Still want more specifics? 


My procedure:

This is what I do, more or less. Say I’m making the two serving batch described above. I’d heat up a deep skillet, add a couple of tablespoons of oil and toss in:

1 small chopped onion, or 1/2 a big onion
Let that cook until translucent.

Then all at once, I add the spices, letting them heat just until they’re fragrant:

1 heaping teaspoon of whole cumin
1/2 teaspoon of turmeric
A big pinch of hot pepper flakes
Maybe a teaspoon of coriander seeds, since I’m into those lately
(One Hot Stove recommends garam masala, which I don’t have (yet), but you might.)

When the pleasing scent of roasting cumin starts rising from the pan, I add the lentils and rice and water. You don’t want to burn the spices.

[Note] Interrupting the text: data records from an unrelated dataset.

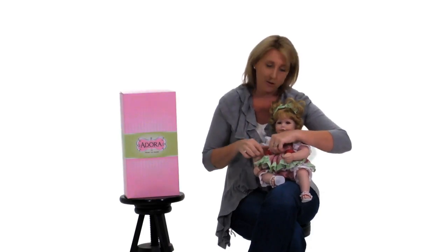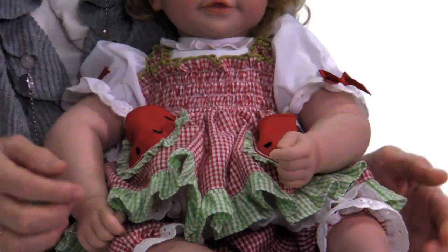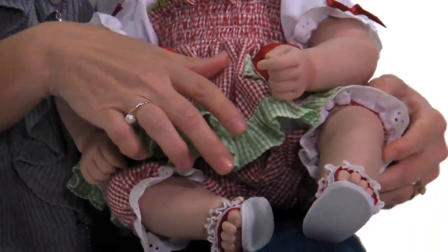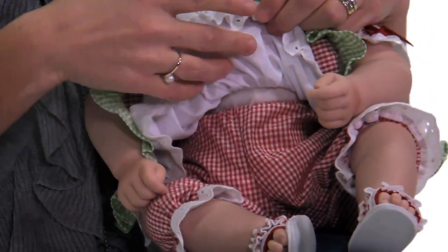She's all handmade, including her gingham dress with these adorable watermelon pockets. You can put your little toys in there and take her to the park ready to play. She has ruffle sandals that match her gingham dress as well as cute little pantaloons underneath.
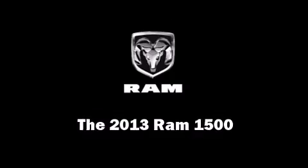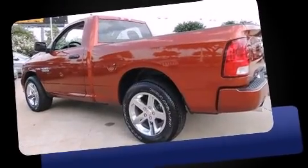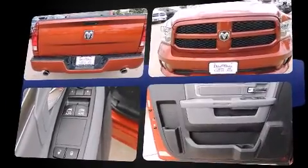Take command of the road in the 2013 Ram 1500. This two-door, three-passenger truck stands out among competitors in its class. It features an automatic transmission, rear-wheel drive, and a powerful eight-cylinder engine.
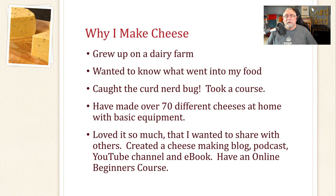I loved making cheese so much that I just wanted to share it with others. So I created a cheesemaking blog, a cheesemaking podcast, a YouTube channel, and wrote an ebook — which we also have a bound copy of. I've also made an online beginner's cheesemaking course. So that's pretty cool as well.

Once the lentils, rice and water are in, I add maybe a half teaspoon of sea salt, stirring it into the slurry to distribute it evenly.

Next I’d add my veggies, if I have any. Anywhere from 1 to 3 cups, chopped. Sometimes we just have the lentils and rice, especially when we’re really tired and don’t feel like chopping. Or thinking.

Bring the whole mess to a simmer, then cover, turn the heat to low, and walk away for a half hour.

Come back to find dinner in a pan.  Scoop it up and serve with yogurt. Top with chopped parsley or cilantro, if you’re feeling fancy.